Sometimes They Melt

When I stepped off the elevator, for a minute, the halls smelled just like crayons - that waxy wonder of a smell just permeated everything.

I can remember being five and wanting desperately to use the skinny crayons. I felt coddled with the big crayons, and was desperate for those thin crayons, delicate in the clenched fist of a child. And the colors!

The big crayons came in eight varieties and that was it. Black Brown Blue Red Green Yellow Purple Orange. I wanted more. I thought yellow ochre was the ugliest color in the world, and I still wanted to use it.

Silver! There were silver crayons. And periwinkle! And Burnt Sienna! And Violet! And Flesh that didn't look like anyone's actual flesh color.

I liked the crumbliness of the color, the way it smeared just a little, skipped channels, and wavered. I liked the way a quickly-drawn line looked next to a slow considering line. I wore out the black crayons early, and would snear at the pink - which in those days was NOT "tickle me pink" but just pink, or salmon.

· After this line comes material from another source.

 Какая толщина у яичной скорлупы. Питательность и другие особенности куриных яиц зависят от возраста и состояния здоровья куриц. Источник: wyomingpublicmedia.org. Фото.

At Easter, I'd draw on eggs - names, motifs, pictures - with crayons and then dip them in dyes, or boiled onion skins, or boiled grass.

I can remember drawing an elaborate picture of Nancy Drew with crayons, and lots of cats. I drew trees and houses and hills, and I drew people. Even after my father got me pastels and really good colored pencils and paints, I would keep going back to the crayons.

Everything about the crayons were alluring - the bright waxy colors, the occasionally offbeat names (I asked my mother once what Sienna was, and she told me a town in Italy and a town in New York. It made no sense to me why these towns would be that color.), the waxy smell that drifts up, the way they melt into a stiff puddle of muddy color when left in the sun.

In a weird twist of life, shortly after my lifepath got shifted from the technical side of the internet to the so-called creative/producer/director side of the fold, I was gifted with a really nice 64 color box by my boss, and series of utterly charming and remarkably well done pictures by his daughters. It was a sign that I was on the right path.